Kinmen Daily News
- Type: Daily
- Owner(s): Kinmen Daily News Publisher (金門日報社), Kinmen County Government
- Editor-in-chief: Chen Ko-Hsing (陳國興)
- Founded: 3 September 1957
- City: Kinmen County (Quemoy), Fujian Province (Fukien)
- Country: Republic of China (Taiwan)
- Website: kmdn.gov.tw

= Kinmen Daily News =

Kinmen Daily News (KMDN; 金門日報 (Jīnmén Rìbào, Kim-mn̂g-ji̍t-pò)) is a newspaper owned by Kinmen County Government in Kinmen County (Quemoy), Fujian Province, Republic of China (Taiwan).

==History==
The predecessor of the Kinmen Daily News was Chunghwa Cheng Chi Pao (中華正氣報, Zhōnghuá-zhèngqìbào) from Nancheng, Jiangxi, which retreated to Quemoy following the Chinese Civil War. Kinmen Daily News started publishing on October 31, 1965. From November 7, 1992, onwards, the operation of two newspapers were split.
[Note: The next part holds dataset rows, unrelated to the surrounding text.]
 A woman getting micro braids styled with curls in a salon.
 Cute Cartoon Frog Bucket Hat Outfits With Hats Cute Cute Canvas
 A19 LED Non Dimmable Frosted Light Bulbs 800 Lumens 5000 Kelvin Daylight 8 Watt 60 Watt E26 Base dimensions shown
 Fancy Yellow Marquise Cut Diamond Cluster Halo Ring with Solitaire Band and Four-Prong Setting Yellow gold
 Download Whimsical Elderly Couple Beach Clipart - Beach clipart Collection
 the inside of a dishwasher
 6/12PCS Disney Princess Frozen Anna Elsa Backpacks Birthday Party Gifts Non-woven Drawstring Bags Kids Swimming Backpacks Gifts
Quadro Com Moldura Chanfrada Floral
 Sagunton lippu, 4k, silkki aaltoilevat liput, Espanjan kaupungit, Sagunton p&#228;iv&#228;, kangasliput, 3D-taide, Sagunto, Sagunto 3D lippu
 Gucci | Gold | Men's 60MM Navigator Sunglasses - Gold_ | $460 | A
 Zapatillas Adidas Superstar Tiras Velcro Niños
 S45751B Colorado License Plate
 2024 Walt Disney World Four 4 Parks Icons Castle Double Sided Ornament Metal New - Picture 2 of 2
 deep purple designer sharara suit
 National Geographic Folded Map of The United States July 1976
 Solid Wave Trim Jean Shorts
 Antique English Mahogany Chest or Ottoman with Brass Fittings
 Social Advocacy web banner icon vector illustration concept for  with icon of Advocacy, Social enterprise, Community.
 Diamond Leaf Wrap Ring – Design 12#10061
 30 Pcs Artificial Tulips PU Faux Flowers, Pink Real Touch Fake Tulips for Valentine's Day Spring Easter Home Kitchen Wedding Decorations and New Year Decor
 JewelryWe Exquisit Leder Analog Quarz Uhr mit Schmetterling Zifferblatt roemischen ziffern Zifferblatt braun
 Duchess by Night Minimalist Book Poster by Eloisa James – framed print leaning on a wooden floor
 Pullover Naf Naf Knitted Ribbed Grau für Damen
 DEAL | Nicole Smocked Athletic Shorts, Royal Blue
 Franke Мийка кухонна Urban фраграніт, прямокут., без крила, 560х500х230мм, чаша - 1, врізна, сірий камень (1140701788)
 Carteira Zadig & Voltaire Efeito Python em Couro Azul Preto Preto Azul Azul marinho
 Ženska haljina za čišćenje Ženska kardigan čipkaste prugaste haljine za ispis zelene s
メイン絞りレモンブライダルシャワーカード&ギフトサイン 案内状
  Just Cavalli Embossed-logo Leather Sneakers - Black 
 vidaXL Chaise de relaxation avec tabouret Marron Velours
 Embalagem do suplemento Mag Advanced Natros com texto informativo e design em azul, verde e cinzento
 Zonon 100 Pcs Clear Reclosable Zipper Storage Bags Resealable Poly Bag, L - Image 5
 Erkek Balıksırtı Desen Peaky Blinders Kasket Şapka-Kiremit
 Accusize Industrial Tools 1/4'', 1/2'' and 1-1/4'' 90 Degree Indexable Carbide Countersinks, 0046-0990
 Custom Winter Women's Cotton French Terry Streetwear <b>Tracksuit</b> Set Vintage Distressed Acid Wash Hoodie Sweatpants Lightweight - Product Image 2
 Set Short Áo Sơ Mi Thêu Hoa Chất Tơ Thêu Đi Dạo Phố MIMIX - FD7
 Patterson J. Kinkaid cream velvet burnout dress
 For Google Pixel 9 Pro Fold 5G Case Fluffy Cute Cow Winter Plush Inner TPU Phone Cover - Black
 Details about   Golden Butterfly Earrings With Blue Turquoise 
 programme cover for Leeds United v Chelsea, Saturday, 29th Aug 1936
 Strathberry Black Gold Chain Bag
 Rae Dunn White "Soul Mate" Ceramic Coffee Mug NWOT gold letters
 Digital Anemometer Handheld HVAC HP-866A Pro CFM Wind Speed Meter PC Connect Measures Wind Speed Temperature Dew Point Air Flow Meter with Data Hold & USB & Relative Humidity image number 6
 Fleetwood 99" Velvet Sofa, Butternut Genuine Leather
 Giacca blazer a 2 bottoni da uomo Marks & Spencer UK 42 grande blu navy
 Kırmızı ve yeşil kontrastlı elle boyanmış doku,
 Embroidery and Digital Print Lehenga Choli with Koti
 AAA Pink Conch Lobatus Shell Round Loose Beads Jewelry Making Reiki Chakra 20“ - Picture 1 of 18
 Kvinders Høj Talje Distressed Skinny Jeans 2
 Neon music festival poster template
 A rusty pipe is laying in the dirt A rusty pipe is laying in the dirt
Chunghwa Cheng Chi Pao was changed into a weekly paper, and is distributed to the military on Quemoy. Kinmen Daily News was transferred to the Kinmen County Government, and continued to be published daily.

The Kinmen Daily News has been criticized as being used to support incumbent county magistrates in their campaigns for reelection.